Agitation overcame her feigned tranquility and she said edgily, “There’s no need for you to insult me on account of some young teacher you don’t know a thing about! All I’m trying to do is guide you to what’s in your best interest.”

I was more furious than ever now, and if I’d given in to how I felt, I would have said something I was sure to regret. However, I controlled myself and said imploringly, “God forbid that I should deliberately insult you. And I ask you to stop saying things that hurt me.”

Concealing her agitation with a smile, she regained her composure again and said in a resigned tone of voice, “Whatever hurts you, hurts me, and whatever makes you happy makes me happy. However, my advice to you, if you’re willing to accept it, is to watch your step. And may God grant you success in whatever will bring you blessing and happiness.”

Squeezing her hand gently I said affectionately, “Your approval of me is worth the world and everything in it.”

She smiled, saying, “I’ll pray for you from my heart night and day.”

Such a long silence then ensued that I thought the matter had been settled. However, she looked pensive and troubled, as though there was a thought she felt an urgent need to express, and she shot me more than one furtive, anxious look.

Then, overcoming her hesitation, she broke out of her silence and said carefully, “Don’t you think it would be best for you to postpone getting engaged until a year has passed since your father’s death?

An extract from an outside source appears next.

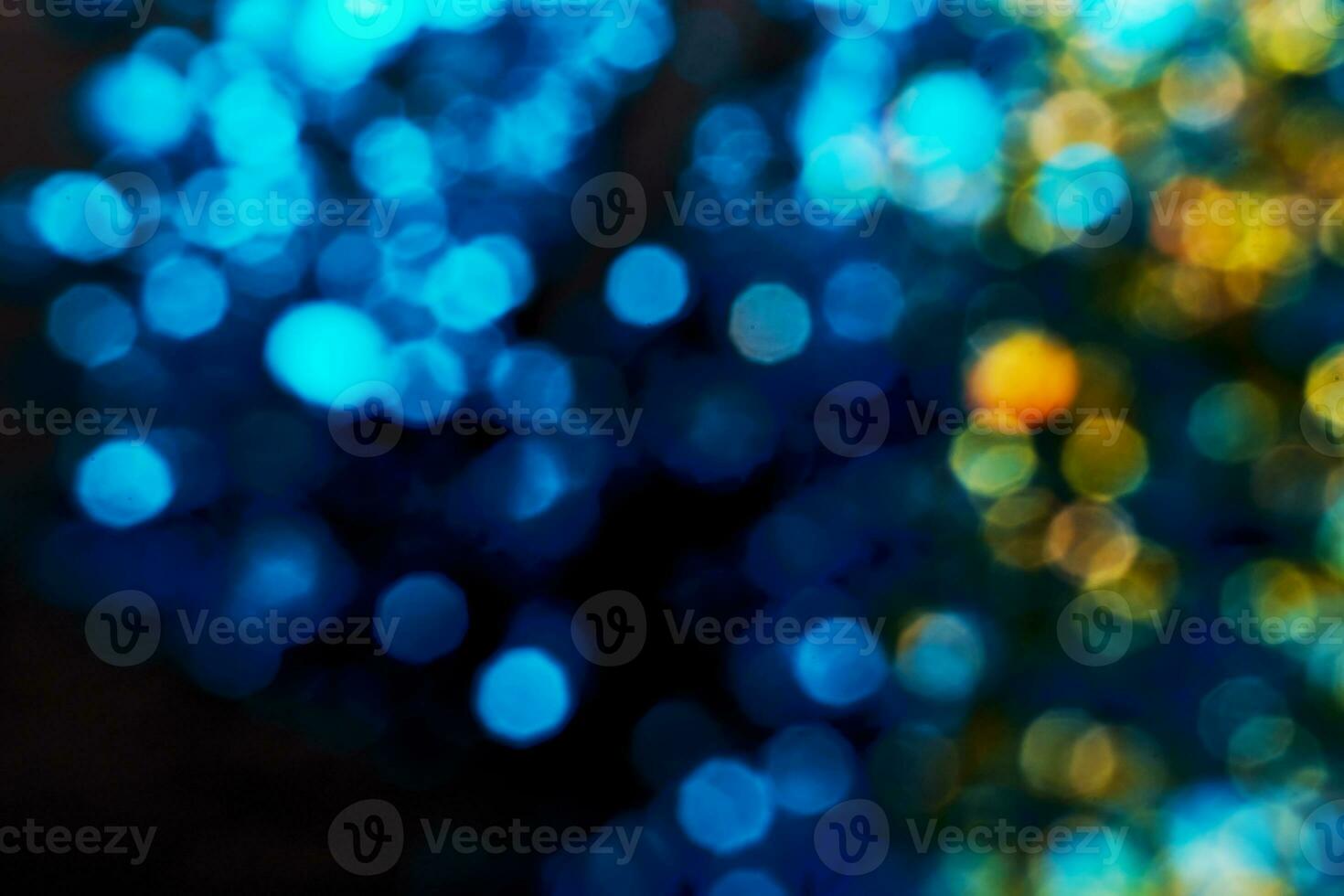 Black festive background. Abstract blue and gold bokeh lights on black. Holiday backdrop, selective focus photo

The thing I fear the most is for it to be said that you got engaged before the period of mourning over your father had ended, as though you’d been anxiously awaiting his death.”

I could hardly believe my ears! Her words sounded to me like a kind of subtle trickery that I couldn’t bear. I went back to feeling resentful and angry and I nearly exploded in a rage. However, I kept quiet until the storm had passed.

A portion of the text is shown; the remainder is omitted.